N APPAVU UDAYAN Vs. NALLAMMAL

Decided On December 12, 1947
N APPAVU UDAYAN Appellant
V/S
NALLAMMAL Respondents

JUDGEMENT

(1.) The material facts in this Letters Patent Appeal can be stated shortly. The plaintiff's husband and the two defendants were brothers and together with their father, they formed a joint Hindu family governed by the Mitakshara school of Hindu law. By a deed of partition, dated 31 December, 1924, the family was disrupted and each member was allotted and took a one-fourth share of the family property; after the partition each lived separately from the others. The plaintiff's husband died in 1929; the plaintiff sold the property which devolved upon her from her husband and utilised the proceeds to discharge his debts, the surplus remaining was a sum of about Rs. 85, or its equivalent. She was in indigent circumstances, her father-in-law took her into his house and maintained her out of his self-acquired property, until he died in 1943. Upon his death, the two defendants, as the heirs of their father, inherited his self-acquisitions.

(2.) In the suit, out of which this appeal arises, the plaintiff claimed maintenance from the defendants, on the ground that, during his life-time her father-in-law was under a moral obligation to support her, on his death that obligation ripened into a legal liability of the sons, as their father's heirs, to maintain her to the extent of the property which they had inherited from their father. The learned District Munsiff of Kulitalai decreed the suit in the plaintiff's favour and fixed the amount of maintenance; the learned Subordinate Judge of Trichinopoly allowed the defendants appeal and dismissed the "suit. In second appeal by the plaintiff to this Court, Kuppuswami Aiyar, J., restored the decree of the learned District Munsiff. This appeal is preferred by the defendants against the decision of Kuppuswami Aiyar, J.

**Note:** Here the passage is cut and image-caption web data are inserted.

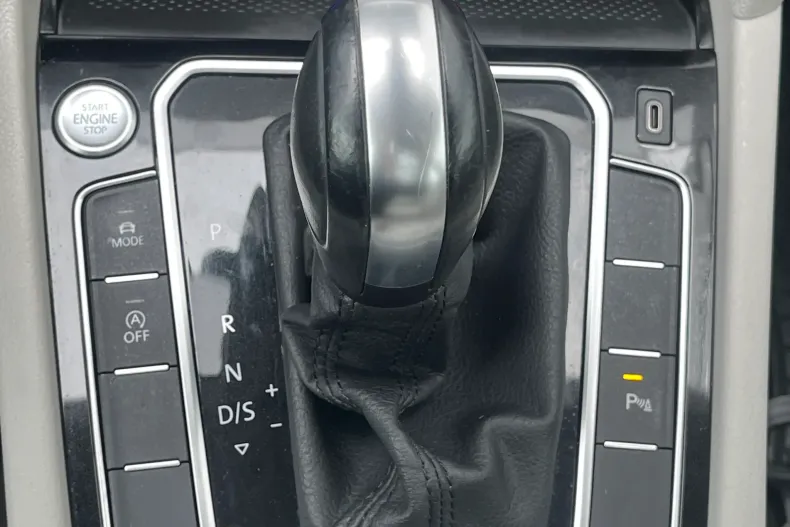 Volkswagen Passat Alltrack din 2020 cu 112.597 km - oferta VOL148342 - foto 17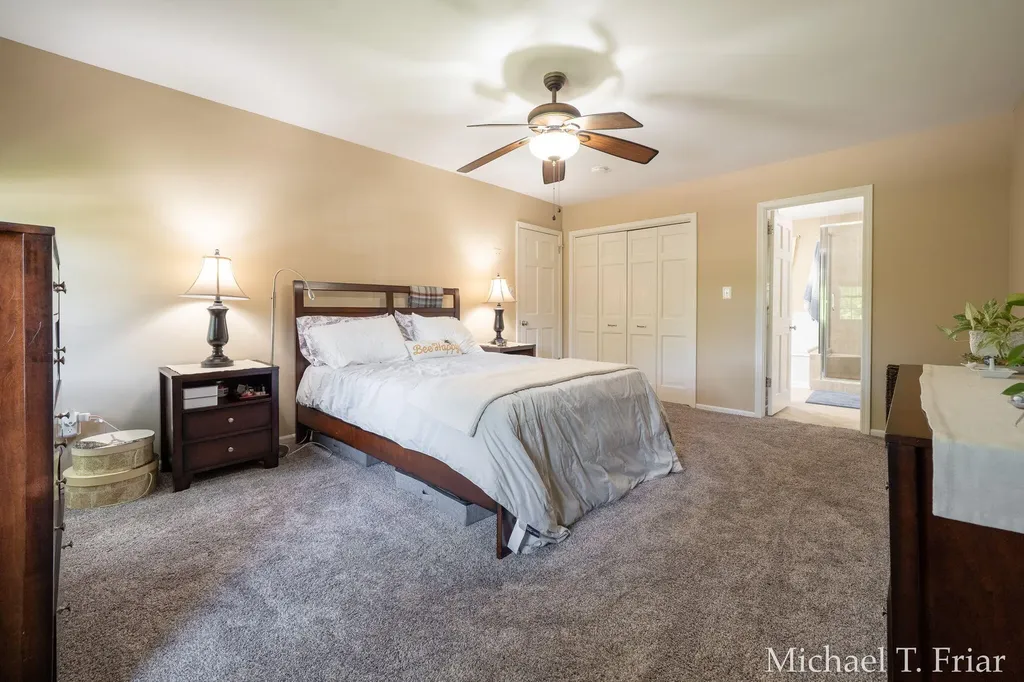 7421 Treeline Drive SE Cascade Charter Township MI 49546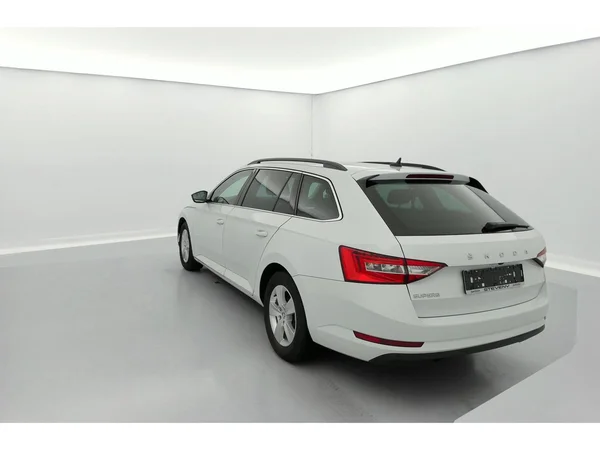 SKODA Superb Combi (2020) — foto 6 van 35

(3.) There are two principles of Hindu law, each of which is well established by authority which indubitably apply to members of a joint Hindu family they are: (1) A widowed daughter-in-law has a moral, but not a legal, right to main tenance from her father-in-law out of his self-acquired property. (2) On the death of the father-in-law, if his self-acquired property descends by inheritance to his heirs, the moral liability of the father-in- law ripens into a legal liability of his heirs, enforceable against them by the daughter-in-law to the extent of their inheritance. Those principles of law are expressed in a number of decisions of several Courts in India including : Janki V/s. Nandram (1888) I.L.R. 11 All. 194 (F.B.) accepted by a Full Bench of this Court in Ambu Bai V/s. Soni Bai (1940) 2 M.L.T. 298 : I.L.R. 1941 Mad. I3(F.B.) Provosh Chandra Roy V/s. Prokash Chandra Roy (1946) 50 C.W.N. 559 and Mussamat Laxmi Bai V/s. Samba A.I.R. 1932 Nag. 11. Those decisions relate to Mitakshara families. The correctness of the principles of law has been affirmed by the Judicial Committee in Rajnikanta Pal V/s. Sajanisundaree Dasee (1933) 66 M.L.J. 148 : L.R. 61 I.A. 29 : I.L.R. 61 Cal. 221 (P.C.) where it was observed, at pages 224 and 225 of the judgment, that: The liability of Madanmohan towards the widow of his son was, no doubt, on the authorities, a moral liability, but that liability when transmitted to his sons on his death, became, in their persons, a legal liability, the measure of which, however, was restricted to the amount of the estate to which they succeeded from their father. These principles of law have been established by authoritative judgments and are applicable to a family governed, as was this family, by the Dayabhaga law. The matter is not one which can be reopened before their Lordships.